Vous connaissez le fort l'écluse; ce n'est pas la plus importante citadelle du roiaume, mais elle est pour moi en païs ennemi, et le major de la place ne laisse pas passer une bûche de bois sans un ordre exprès du commandant de la province. Je me flatte que Monsieur le commandant aime trop Madame sa sœur pour souffrir que son protègé qui n'a que la peau sur les os meure de froid aux fêtes de Noël à l'extrémité du roiaume de France.

Vous remarquerez s'il vous plait, Madame, que nos postes sont tellement arrangées dans vôtre Colonie qu'il faut toujours vous faire réponse avant d'avoir reçu vôtre Lettre. Le courier qui s'en va de chez nous, part à neuf heures du matin, et le courier qui vient de chez vous n'arrive qu'à onze heures. Celà n'est pas trop bien entendu, mais celà est au nombre des cent mille petits abus trop légers pour être réformés.

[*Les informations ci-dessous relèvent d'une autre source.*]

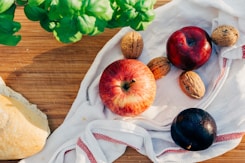 two apples and walnuts on white towel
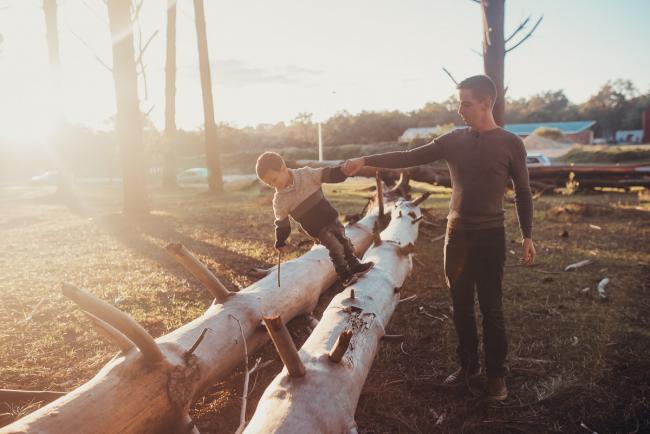 Father holding his son's hand who is balancing on a log with Perth family photographer at The Pines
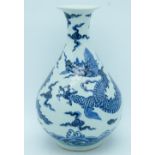 A Chinese blue and white Yuhuchunping vase decorated with dragons 32cm.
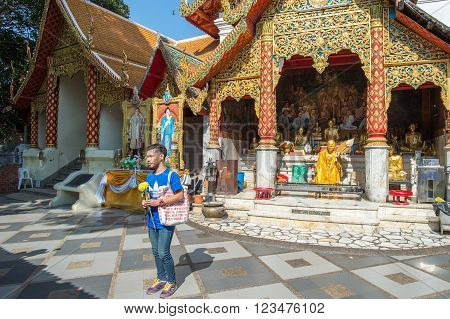 CHIANG MAI, THAILAND - FEBRUARY 5: Thai people worship at Wat Phra That Doi Suthep on February 5, 2016 in Chiang Mai. This Buddhist temple founded in 1383 is the most famous in Chiang Mai.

Je vous écris donc, Madame, à neuf heures du matin le 20 décembre, en attendant que vers le midy j'aie la consolation de voir un peu vôtre petit écriture.

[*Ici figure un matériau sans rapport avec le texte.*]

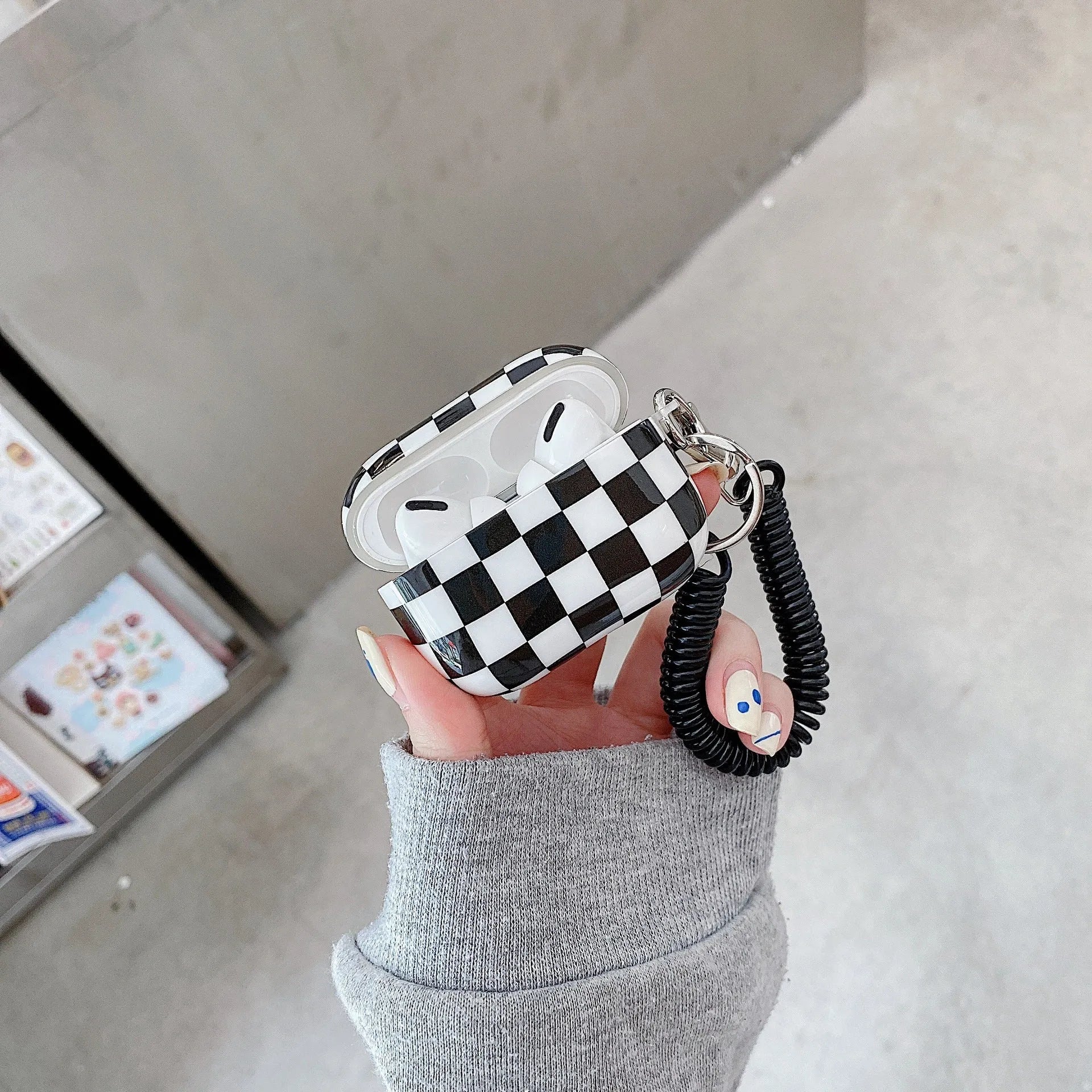 Black and green checkerboard pattern TPU case for Apple AirPods with optional pendant attachments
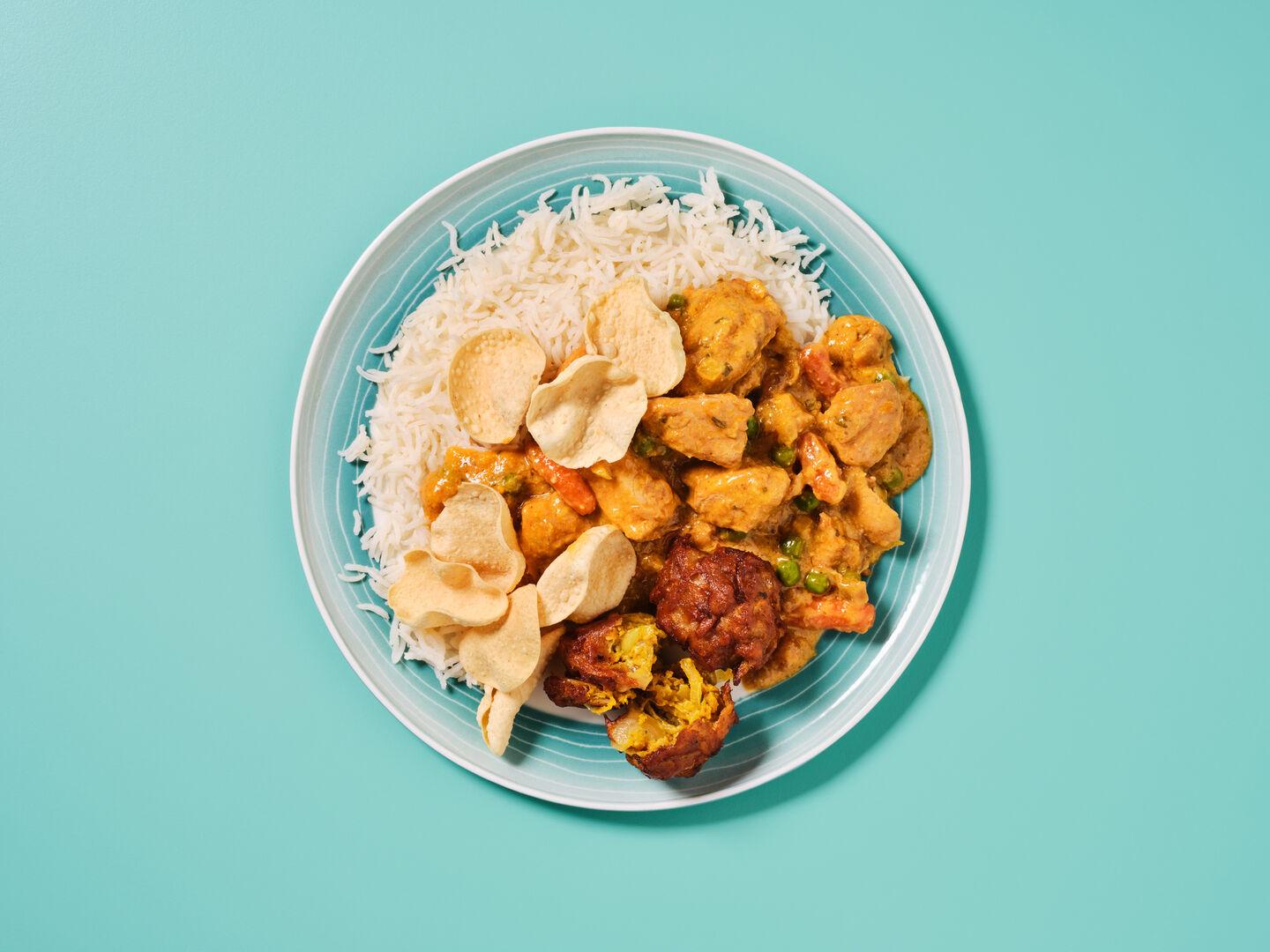 A plate of chicken curry with peas and carrots, served with rice, poppadoms and a vegetable pakora, on a teal background.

Racle a de très beaux magazins dans lesquels il y a de très belle fayance. Nous avons réparé tous les désastres que les ouragans et les inondations avaient causés; mais pour château Dauphin il a été entièrement négligé, je crois vous l'avoir déjà mandé; ainsi je conseille à nôtre chère commandante, quand elle viendra honorer sa Colonie de sa présence de ne point déscendre à château Dauphin où elle ne trouverait que des pierres qui ne sont pas encor les unes sur les autres, mais il y a encor bien loin de la fin de Décembre aux beaux jours où nôtre commandante poura venir visiter son païs. Elle aura le tems de faire donner par le clergé qu'elle gouverne, un bon bénéfice à ce grand garçon de Varicourt, qui est un des plus beaux prêtres du roiaume, et un des plus pauvres. Elle aura accommodé les difficiles affaires de Mr de Crassy; elle aura arrangé celles de dix ou douze familles; elle aura rapatrié Mr De Richelieu avec Made de st Vincent, plutôt que de venir dans nôtre misérable climat. Il faut me résoudre à passer mon hiver dans les regrets. Je n'ai pas encor le plaisir d'être délivré des pandoures de messieurs les fermiers généraux. Leur armée est encor à nos portes; je ne peux pas dire

Et mes derniers regards ont vu fuir les Romains,

et je ne sais quand mes derniers regards seront consolés par vôtre présence.